Nicholson: Taliban Transitioning to a Criminal, Drug-Focused Insurgency


US Army Gen. John Nicholson, commander of US Forces-Afghanistan, briefs reporters via a video feed on Nov. 28, 2017. Screenshot of DVIDS video.

Three days of intense airstrikes on Taliban drug-making and financial facilities took out up to $10 million of the group’s funding, part of a shift on airstrike targeting, the top US officer in Afghanistan said Tuesday.

The Taliban has evolved into a “criminal/narco insurgency” in Afghanistan, focused on fighting to defend its “revenue streams,” US Army Gen. John Nicholson, commander of US Forces-Afghanistan, said during a Tuesday briefing.

“They have increasingly lost whatever ideological anchor they once had,” Nicholson said. “They fight to preserve and expand their sources of revenue. This includes narcotics trafficking, illegal mining, taxing people throughout Afghanistan, kidnapping, and murder-for-hire: all criminal endeavors.”

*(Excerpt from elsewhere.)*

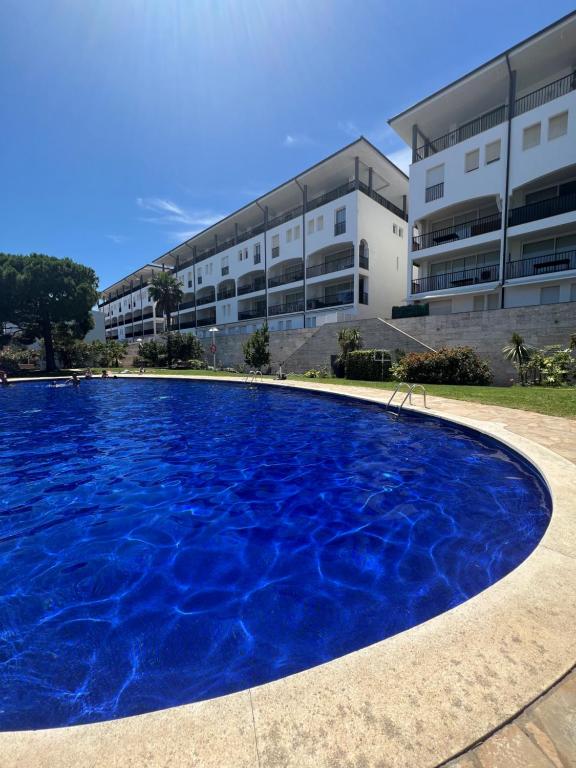 Apartamento en Puerto con Terraza y Vistas al Mar - 1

In response, US forces conducted three days of airstrikes, including B-52 and F-22 missions, hitting opium production facilities in Helmand Province. These strikes, coupled with efforts by the Afghan 215th Corps, took away between $7 million and $10 million.

“These strikes were just the first step in attacking the Taliban’s financial engine, and they will continue,” Nicholson said.

So far this year, US forces have tripled the number of air-delivered munitions dropped on Taliban and ISIS targets in Afghanistan. That number will increase as more aircraft are shifted away from Iraq and Syria, Nicholson said.

The Taliban still has a strong hold on territory and the population inside Afghanistan. Sixty-four percent of the country is controlled by the Afghan central government, with 12 percent controlled by the Taliban, and 24 percent of the population lives in contested areas, Nicholson said.